▶ Data:
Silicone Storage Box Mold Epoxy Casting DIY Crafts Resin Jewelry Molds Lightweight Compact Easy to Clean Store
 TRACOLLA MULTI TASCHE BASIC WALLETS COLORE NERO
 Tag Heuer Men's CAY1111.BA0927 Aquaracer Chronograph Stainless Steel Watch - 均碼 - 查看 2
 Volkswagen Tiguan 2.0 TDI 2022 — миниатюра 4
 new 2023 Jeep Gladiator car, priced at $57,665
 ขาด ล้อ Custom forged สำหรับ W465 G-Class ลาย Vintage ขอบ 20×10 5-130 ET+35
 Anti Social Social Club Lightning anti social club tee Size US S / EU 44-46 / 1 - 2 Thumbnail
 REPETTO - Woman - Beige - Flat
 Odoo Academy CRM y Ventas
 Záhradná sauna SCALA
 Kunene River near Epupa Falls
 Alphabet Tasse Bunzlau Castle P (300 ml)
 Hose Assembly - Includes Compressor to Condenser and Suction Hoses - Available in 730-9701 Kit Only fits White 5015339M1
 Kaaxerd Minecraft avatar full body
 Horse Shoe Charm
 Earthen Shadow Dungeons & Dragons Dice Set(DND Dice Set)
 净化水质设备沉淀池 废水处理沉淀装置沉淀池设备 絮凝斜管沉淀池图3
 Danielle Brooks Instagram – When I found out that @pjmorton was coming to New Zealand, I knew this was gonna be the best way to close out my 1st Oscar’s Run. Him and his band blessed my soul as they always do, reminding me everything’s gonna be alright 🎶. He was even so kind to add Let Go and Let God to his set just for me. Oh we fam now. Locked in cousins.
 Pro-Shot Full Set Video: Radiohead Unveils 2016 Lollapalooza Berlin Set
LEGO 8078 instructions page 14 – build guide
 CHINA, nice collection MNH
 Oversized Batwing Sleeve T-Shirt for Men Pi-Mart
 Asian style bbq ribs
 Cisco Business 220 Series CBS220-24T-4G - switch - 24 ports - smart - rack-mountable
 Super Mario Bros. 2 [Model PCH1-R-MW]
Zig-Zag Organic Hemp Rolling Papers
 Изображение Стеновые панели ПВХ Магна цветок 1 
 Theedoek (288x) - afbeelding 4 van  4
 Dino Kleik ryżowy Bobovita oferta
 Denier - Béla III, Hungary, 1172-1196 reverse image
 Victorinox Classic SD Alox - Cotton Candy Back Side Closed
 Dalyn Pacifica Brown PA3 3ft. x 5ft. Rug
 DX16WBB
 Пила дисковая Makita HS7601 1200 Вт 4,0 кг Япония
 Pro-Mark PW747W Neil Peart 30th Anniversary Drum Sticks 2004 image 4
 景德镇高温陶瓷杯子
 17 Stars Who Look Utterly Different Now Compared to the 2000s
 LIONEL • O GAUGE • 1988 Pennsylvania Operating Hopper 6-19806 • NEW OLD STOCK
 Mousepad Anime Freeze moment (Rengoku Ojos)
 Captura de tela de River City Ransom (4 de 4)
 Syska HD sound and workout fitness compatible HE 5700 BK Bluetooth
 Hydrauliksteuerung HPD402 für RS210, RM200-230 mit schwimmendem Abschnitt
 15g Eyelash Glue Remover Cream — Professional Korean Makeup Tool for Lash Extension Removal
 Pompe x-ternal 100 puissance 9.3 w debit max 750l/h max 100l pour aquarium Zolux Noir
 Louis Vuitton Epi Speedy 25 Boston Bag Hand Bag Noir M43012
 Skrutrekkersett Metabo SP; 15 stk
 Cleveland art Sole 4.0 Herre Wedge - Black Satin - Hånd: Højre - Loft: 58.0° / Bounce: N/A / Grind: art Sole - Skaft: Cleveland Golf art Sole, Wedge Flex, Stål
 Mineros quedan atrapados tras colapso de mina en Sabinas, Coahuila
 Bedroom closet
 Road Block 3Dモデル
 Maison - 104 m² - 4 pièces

▶ What you should do: The answer must consist of every line from the entries that holds the string "image".

▶ Result of this exercise:
 Denier - Béla III, Hungary, 1172-1196 reverse image
 Pro-Mark PW747W Neil Peart 30th Anniversary Drum Sticks 2004 image 4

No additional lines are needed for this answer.